Денис всегда говорил: никогда не верь мужчинам до тех пор, пока они за тебя в кафе не расплачиваются и в других общественных местах, включая транспорт. Но вот если начнут финансировать…
– Ага, дядя, – ответила Люба, глупо улыбаясь. – Но точно не троюродный. Я и сама до конца не пойму, в каком мы родстве. Из одной деревни.
– А я сразу, как тебя увидел, не поверил, что ты искусствовед, – вспомнил Сергей. – Не похожа совсем. У Бабочкина жена – искусствовед, ты бы только на нее посмотрела! Таких сумасбродок днем с огнем не найдешь.
– Интересно было бы, – задумчиво сказала Люба.
– А ведь туда же, строит из себя Нефертити, – засмеялся Сергей. – Говорят, бросает мужа и в Питер к какому-то знаменитому профессору переезжает. Потому Бабочкин сейчас и ходит как пришибленный. Не ожидал, что до этого дело дойдет.
– Знаешь что, – перебила его Люба. – Ты лучше мне о своей жене расскажи, а я послушаю.
С лица Сергея сразу всю веселость, как ветром, сдуло.
– А, ладно, все равно когда-нибудь придется, – махнул он рукой. – Что от тебя скрывать? Я же сказал, по расчету женился. Тесть – можно сказать, нефтяной магнат, директор крупной нефтяной фирмы, теща – тоже шишка еще та, главный бухгалтер. Юлечка у них – единственная дочка, и этим все сказано. Пришлось им смириться, что она художников любит, и каждому встречному говорить, что у нее муж – настоящий художник.

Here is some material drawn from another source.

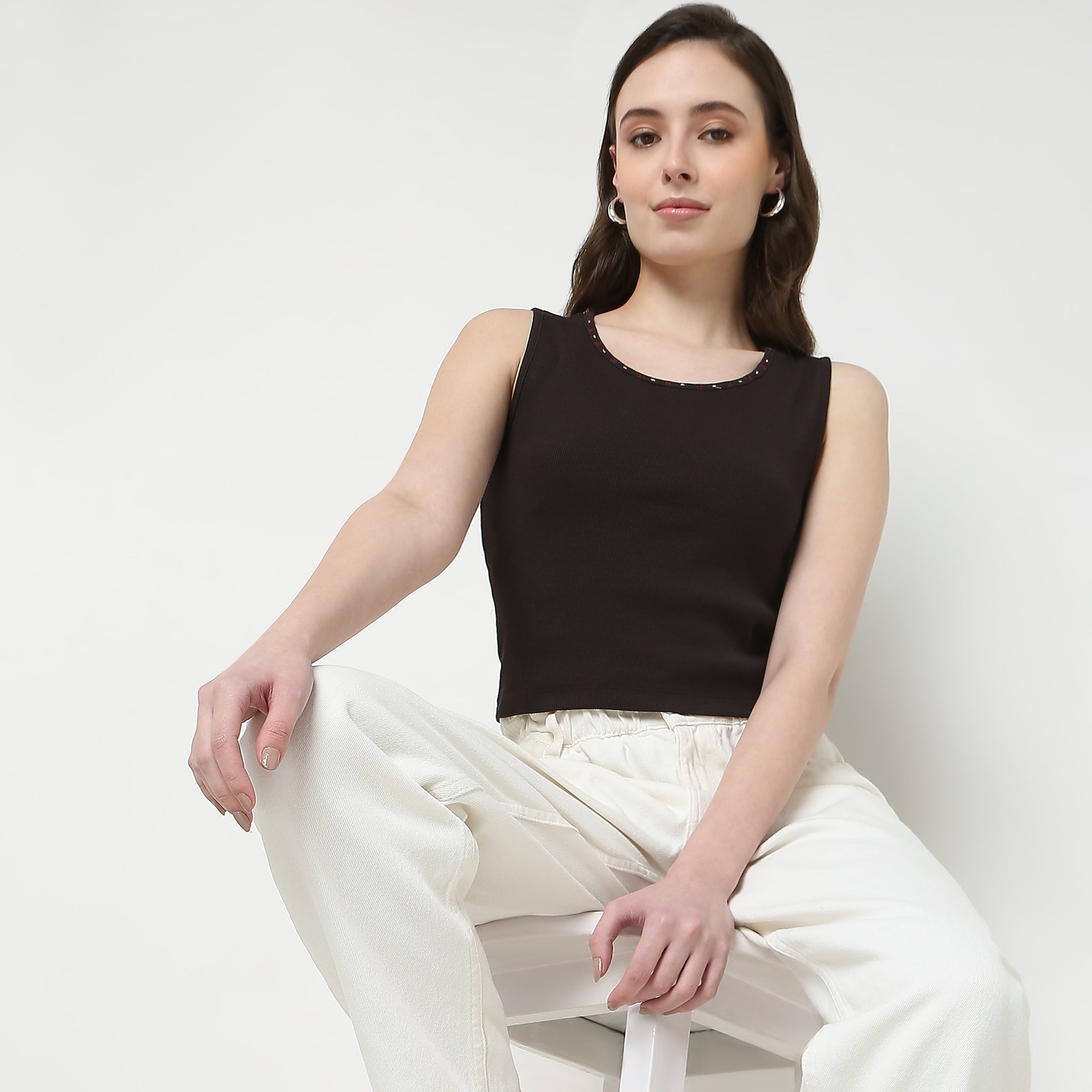 Cotton Slim Fit Crop Top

Последние слова Сергей произнес с такой жеманной интонацией, растягивая слова, что Люба живо представила себе эту самую Юлечку.
– Всякое бывает, – сказала она задумчиво.
Тогда, во время самой первой встречи, Денис ей тоже не сразу понравился, показался слишком гордым, надутым. Но потом он вынул из кармана пачку денег, и она вдруг подумала: «Какой интересный парень…» Разве не так?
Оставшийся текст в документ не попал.